* Task requirements:
Begin your copy at the line with "Volo Verso Il" in the records below and end it at the line with "Vibrator cu linii sculptate", restating each line word for word; omit the pictures.

* Records for the task:
● ● ●

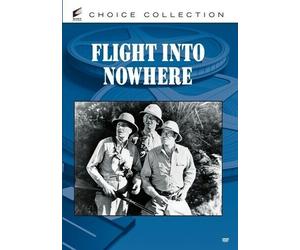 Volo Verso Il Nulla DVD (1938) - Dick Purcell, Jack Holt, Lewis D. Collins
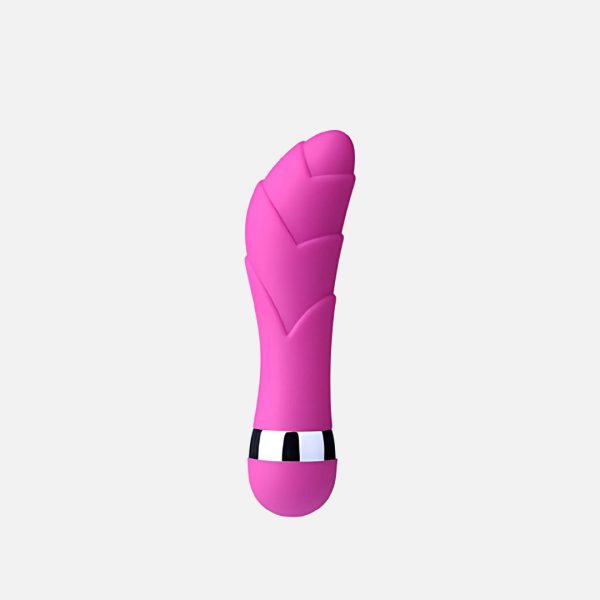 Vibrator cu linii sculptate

● ● ●

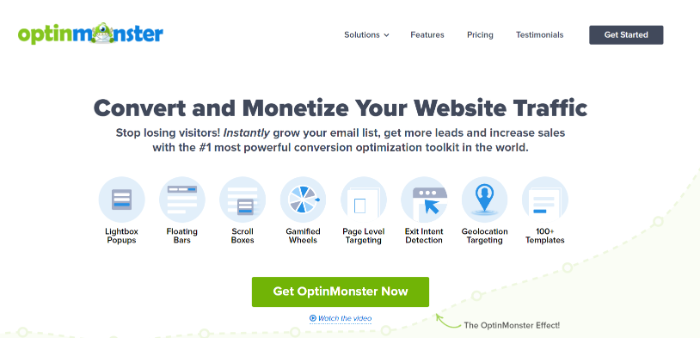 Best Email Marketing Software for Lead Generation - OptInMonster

● ● ●

* Solution:
 Volo Verso Il Nulla DVD (1938) - Dick Purcell, Jack Holt, Lewis D. Collins
 Vibrator cu linii sculptate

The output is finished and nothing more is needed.